Label / Distribution : ECM
« Evite de craindre ou haïr l’artiste qui est en toi. Honore-le et aime-le… n’essaie pas de le posséder » E.E. Cummings
Sur la pochette, on distingue une galaxie floue. Ce n’est pas un hasard car ce disque nous convie à un voyage dans un autre monde lointain. Où le silence a sa place. Où les arrangements sont minimalistes. Où l’on a presque l’impression de déranger en écoutant. Le son ECM, qui remplit tellement l’espace, est ici parfaitement adapté à l’instauration d’un univers musical bien particulier, très personnel, subtile association de compositions personnelles (texte et musique) et d’adaptions de morceaux de Carla Bley sur lesquelles Susanne Abbuehl dépose délicatement des textes du poète américain E.E. Cummings. Pas de virtuosité ici, mais la simple justesse de la note offerte avec humilité et sobriété.

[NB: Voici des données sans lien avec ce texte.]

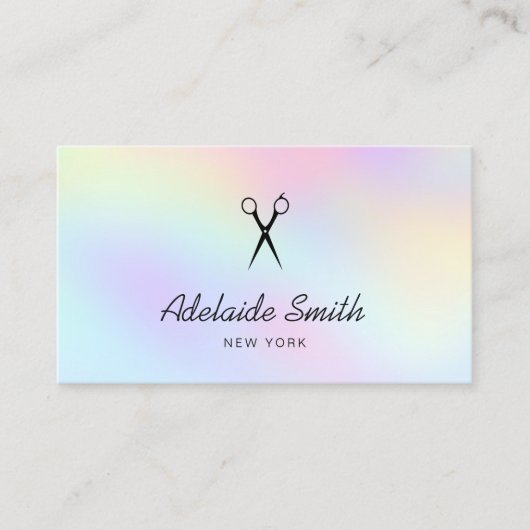 haarstylpastelkleuren visitekaartje (Voorkant)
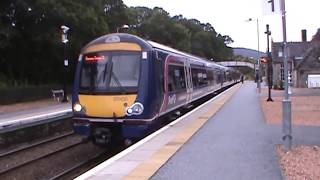 preview picture of video 'Southbound Scotrail Train in Pitlochry Scotland'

Le rythme est ralenti jusqu’à être quasiment réduit à néant ; les silences sont légion mais sont totalement intégrés à l’esprit des morceaux et permettent à l’âme musicale du disque de pénétrer un peu plus profondément le cœur de l’auditeur.
Susanne Abbuehl balaie d’un revers de la main toutes les habituelles contraintes commerciales et nous offre un manifeste de la liberté musicale. Ce long périple dans un monde de sérénité se compose de nombreuses étapes : deux exécutions de scat lent sur une magnifique reprise de A.I.R (All India Radio) de Carla Bley et sur une composition d’Abbuehl, la récitation murmurée d’un texte de Cummings (Seven, somewhere i have never travelled, gladly beyond, encore sur une musique de Bley) tout juste soulignée par quelques accords de piano aux sonorités très « jarrettiennes », une belle et simple relecture de ’Round Midnight sanctifiée par quelques longs accords d’harmonium qui évoquent l’orgue d’une église, un raga de la chanteuse classique indienne Prabha Atre…
Les trois musiciens qui accompagnent la chanteuse accomplissent à la perfection la tâche qui leur incombe : mettre en valeur la voix et les mots qu’elle libère, dans une approche d’un niveau de minimalisme rarement atteint. Une leçon d’humilité et de maturité pour un premier disque d’une originalité rare.